Looking back now, what I had was not hope. It was hyper-vigilance, with perhaps a healthy dose of delusion. I thought my vigilance was no match for cancer. I put so much pressure on my mom to do the impossible and to defy death. I put the same pressure on myself.

The pressure robbed us of presence. I spent so much time saving my mother that I forgot to see her. She was shrinking and losing energy, and I refused to see it.

She just wanted to be with me, but I was reluctant. I had to keep pushing; I had to save her. I could not stop for a moment. If I quit, then I would lose her.

My brothers spent my 43rd birthday dinner crying after watching my mother struggle to get through the day. I was secretly angry at them for seeing the truth. I blamed chemo and doctors, and she stopped juicing on her physical changes. I had no time for tears. I was looking for solutions.

Eventually, I stopped pushing, but only because she was dying, and I could no longer deny it.
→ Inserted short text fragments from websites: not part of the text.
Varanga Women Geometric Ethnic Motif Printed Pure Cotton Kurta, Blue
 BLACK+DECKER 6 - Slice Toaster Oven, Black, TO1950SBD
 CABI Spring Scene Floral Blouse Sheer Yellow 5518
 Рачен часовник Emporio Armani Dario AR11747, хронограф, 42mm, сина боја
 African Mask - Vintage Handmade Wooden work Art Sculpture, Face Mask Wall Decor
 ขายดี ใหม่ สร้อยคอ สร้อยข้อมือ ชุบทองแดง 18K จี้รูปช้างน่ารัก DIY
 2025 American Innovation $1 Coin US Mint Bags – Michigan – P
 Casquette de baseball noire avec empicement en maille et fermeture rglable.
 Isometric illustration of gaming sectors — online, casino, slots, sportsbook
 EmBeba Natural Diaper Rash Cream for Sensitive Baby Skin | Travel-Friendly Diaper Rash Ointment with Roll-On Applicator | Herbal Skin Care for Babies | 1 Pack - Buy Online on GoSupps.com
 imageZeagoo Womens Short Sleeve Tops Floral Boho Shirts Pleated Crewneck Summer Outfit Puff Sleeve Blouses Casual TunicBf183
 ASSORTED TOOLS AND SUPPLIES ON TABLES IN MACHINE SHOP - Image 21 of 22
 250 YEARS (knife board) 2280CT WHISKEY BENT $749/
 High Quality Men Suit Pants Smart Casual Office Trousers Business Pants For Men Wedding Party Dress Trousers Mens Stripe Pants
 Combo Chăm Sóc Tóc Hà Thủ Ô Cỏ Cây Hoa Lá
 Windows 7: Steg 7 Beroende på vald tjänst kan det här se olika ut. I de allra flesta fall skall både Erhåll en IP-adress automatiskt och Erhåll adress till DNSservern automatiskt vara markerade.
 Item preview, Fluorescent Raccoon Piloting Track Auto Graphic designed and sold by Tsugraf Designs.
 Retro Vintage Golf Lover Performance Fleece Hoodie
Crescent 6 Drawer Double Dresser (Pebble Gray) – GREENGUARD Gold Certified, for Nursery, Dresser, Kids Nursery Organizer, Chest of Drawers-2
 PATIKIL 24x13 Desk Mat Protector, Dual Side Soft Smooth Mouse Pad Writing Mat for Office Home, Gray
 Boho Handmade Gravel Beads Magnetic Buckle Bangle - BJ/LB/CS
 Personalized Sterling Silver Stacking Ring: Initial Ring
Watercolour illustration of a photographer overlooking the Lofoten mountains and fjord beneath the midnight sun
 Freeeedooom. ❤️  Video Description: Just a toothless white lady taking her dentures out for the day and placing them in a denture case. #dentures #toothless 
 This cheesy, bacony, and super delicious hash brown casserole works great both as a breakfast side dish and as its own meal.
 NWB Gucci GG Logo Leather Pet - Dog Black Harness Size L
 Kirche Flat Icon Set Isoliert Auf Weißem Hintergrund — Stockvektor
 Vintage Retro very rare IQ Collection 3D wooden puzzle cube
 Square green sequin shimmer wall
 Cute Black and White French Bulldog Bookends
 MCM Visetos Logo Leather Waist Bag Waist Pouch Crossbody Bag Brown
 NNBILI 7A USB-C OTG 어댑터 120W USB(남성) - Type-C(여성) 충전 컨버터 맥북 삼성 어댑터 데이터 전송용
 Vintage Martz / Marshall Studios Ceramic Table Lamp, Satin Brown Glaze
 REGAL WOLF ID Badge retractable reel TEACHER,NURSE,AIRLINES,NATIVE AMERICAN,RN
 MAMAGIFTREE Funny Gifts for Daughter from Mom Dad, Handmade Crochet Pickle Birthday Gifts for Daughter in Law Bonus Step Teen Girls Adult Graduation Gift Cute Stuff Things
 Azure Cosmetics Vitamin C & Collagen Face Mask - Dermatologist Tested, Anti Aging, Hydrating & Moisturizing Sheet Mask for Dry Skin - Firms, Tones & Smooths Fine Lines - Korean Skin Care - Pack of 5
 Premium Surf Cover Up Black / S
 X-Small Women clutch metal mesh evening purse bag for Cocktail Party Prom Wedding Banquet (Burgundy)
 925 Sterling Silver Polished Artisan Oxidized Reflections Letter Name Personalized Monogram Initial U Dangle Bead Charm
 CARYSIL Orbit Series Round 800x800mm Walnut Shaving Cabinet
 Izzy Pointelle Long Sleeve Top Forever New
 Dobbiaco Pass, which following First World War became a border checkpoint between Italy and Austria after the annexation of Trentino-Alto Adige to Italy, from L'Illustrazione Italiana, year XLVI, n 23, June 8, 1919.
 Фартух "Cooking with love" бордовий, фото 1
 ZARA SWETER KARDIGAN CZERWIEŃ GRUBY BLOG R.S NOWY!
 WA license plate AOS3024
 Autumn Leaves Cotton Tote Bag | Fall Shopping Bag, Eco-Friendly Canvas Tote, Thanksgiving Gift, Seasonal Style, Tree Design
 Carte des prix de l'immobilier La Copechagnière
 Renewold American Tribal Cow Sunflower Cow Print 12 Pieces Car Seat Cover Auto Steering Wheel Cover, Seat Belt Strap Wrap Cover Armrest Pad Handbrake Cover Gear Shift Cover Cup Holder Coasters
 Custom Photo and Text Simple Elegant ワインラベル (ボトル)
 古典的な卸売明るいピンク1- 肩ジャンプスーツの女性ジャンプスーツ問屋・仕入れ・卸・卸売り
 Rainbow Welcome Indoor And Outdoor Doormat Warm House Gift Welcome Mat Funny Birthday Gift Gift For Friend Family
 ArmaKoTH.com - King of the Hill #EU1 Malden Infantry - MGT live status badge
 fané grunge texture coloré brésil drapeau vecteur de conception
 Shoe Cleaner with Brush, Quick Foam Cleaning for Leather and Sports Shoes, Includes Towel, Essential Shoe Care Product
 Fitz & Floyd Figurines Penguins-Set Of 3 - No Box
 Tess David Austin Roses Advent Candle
I felt so guilty that I had failed her. I felt so useless that I was not a healer. I felt so sad that our dynamic duo had not beaten death.

Somehow I was able to set that aside and walk my mom home. I saw her, I loved her, and she was radiant. She was a unicorn in death, defying all timelines and doing it her way.

Moments of my old self still cropped up. As dying became harder, my presence agitated my mother. I would walk into the room, and she would get restless. The hospice workers asked me to let her go and to give her permission to go. I laughed through my tears and said I have; she knows. Once I finally accepted her death, we had hard conversations.

I wonder if part of her didn't believe me, that I would let her go. I didn't think I could survive her death, so I fought relentlessly for both of us. During that time, I never told her I was sorry for the pressure I put on her or that I was sorry for clinging to her life so desperately to save mine. I hope she knows I'm sorry I was such a pain in the ass.

I wasn't in the room when my mother transitioned. At first, not being there haunted me. I now believe that was something we couldn't do together.

It took months to realize that my job was never to heal my mother's cancer. My job was to love her.

In the last weeks of her life, my mom healed her spirit and her soul. Only later did I realize we did our job; my mom's body was never meant to heal, but her spirit was. The journey we were on was a soul journey.

Our relationship continues now. It's bigger and deeper than it was. The irony now is that I am always looking for my mother. I see her everywhere. I know her soul; I treasure her visits.

I regret not seeing my mother when she was right in front of me. I regret desperately clinging to her physical form.

Part of the definition of regret is a missed opportunity. At times I missed the opportunity to be fully present with my mom because I was so lost in desperation to keep her. The gift of her moving on is that she is teaching me presence and reminding me that my only job is to love.

I'm a slow learner, I still wrestle with regret and the what if's, but slowly I am learning to let go, ask for forgiveness and offer it to myself.